U2 guitarist the Edge said bandmate Bono had been right to become a high-profile political activist, even though it sometimes caused problems for the Irish group.

In a recent interview with Mojo, Edge said the two aspects of U2’s reputation had become “so intermingled” that it would be “very hard to imagine one without the other.”

He continued: “There’s obviously been challenging moments, particularly when Bono was making great strides in America and realized his superpower was being able to work both sides of the aisle and persuade politicians from different parts of the spectrum to work together.
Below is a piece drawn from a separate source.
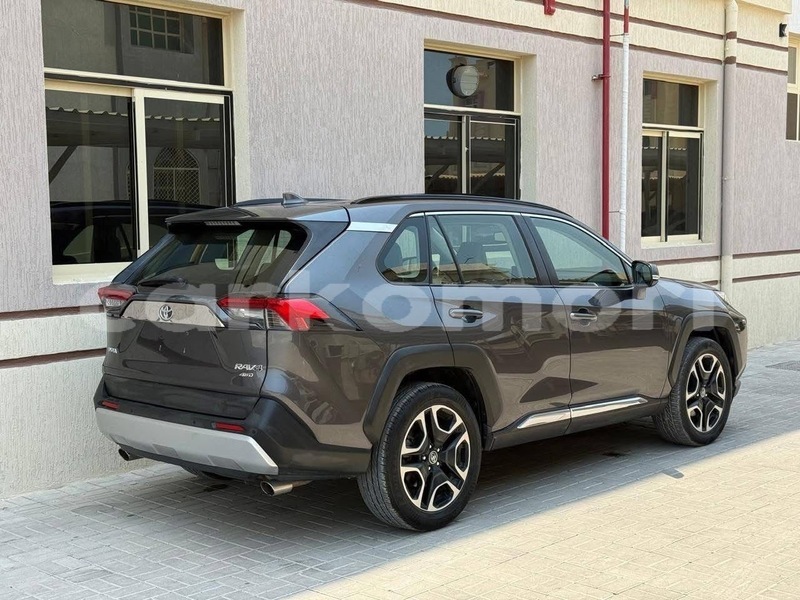 Big with watermark toyota rav4 grande comore import dubai 4063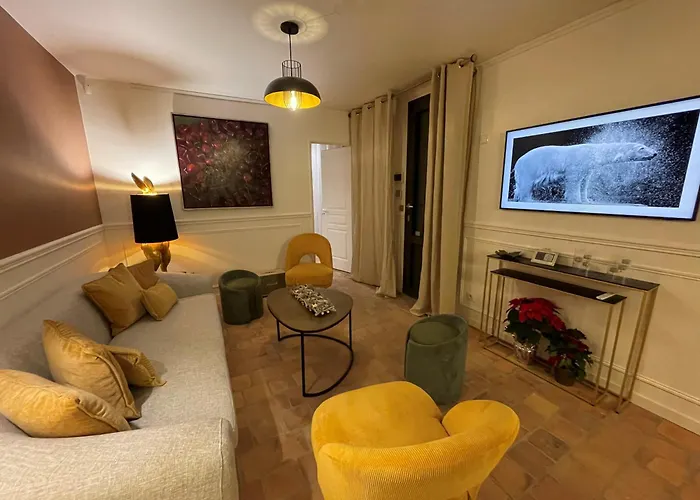 La Petite Maison De - De Charme 5 Etoiles Au Coeur Du Village - Maison 3 3 Salles De Bain - Jardin - Privatisation Ζιβερνί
“But that meant he was having meetings with people like [right-wing US Senator] Jesse Helms, who famously dismantled the National Endowment for the Arts… and made some terrible early comments about the AIDS pandemic. So, that was hard. But we understood the logic. And if you judge activism based on results, rather than it being some kind of attempted virtue signalling, then Bono was absolutely right.”

As a result of Bono’s intervention with Helms, Congress voted in favor of an AIDS support package that changed many lives. “If you can persuade a politician that they’re not going to sacrifice their existing support but they will potentially add, that’s hard to turn down,” Edge said. “And Bono became very good, I think, at advocating on that basis. ‘Look, this will mean political brownie points for you.’ But often that meant him being in the photograph!”

He argued that critics often miss the fact that it took courage for Bono to do what he did. “[T]hey just think he compromised his principles. He didn’t at all. What he did compromise was his PR profile and his standing with the sort of fundamentalists who would never be open to receiving help from people they didn’t agree with. In the end, I think facts bear out his approach.”